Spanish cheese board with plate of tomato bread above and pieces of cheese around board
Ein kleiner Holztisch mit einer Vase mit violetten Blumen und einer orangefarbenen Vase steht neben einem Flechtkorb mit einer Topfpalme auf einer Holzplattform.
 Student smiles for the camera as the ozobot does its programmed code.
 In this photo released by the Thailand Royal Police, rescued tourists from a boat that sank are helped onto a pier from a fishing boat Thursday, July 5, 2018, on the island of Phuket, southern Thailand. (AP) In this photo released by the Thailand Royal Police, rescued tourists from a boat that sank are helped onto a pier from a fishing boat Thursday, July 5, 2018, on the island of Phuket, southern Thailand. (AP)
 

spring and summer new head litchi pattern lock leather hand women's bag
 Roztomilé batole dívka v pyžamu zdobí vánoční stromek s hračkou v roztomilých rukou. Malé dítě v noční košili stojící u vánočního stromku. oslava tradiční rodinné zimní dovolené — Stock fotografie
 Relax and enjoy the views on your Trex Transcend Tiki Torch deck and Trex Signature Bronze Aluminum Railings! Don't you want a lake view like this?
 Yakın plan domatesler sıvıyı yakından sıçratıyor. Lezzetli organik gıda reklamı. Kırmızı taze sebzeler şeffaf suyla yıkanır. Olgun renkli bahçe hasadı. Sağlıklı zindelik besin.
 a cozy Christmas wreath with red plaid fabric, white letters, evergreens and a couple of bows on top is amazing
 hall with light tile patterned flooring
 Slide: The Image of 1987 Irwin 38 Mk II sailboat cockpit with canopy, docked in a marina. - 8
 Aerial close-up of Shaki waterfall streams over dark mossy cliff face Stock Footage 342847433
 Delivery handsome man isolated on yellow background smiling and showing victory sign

☆ ☆ ☆ ☆

Exercise description
The output should be exactly the lines above from the line containing "Ein kleiner Holztisch" to the line containing "Student smiles for", inclusive, with no other lines.

Response
Ein kleiner Holztisch mit einer Vase mit violetten Blumen und einer orangefarbenen Vase steht neben einem Flechtkorb mit einer Topfpalme auf einer Holzplattform.
 Student smiles for the camera as the ozobot does its programmed code.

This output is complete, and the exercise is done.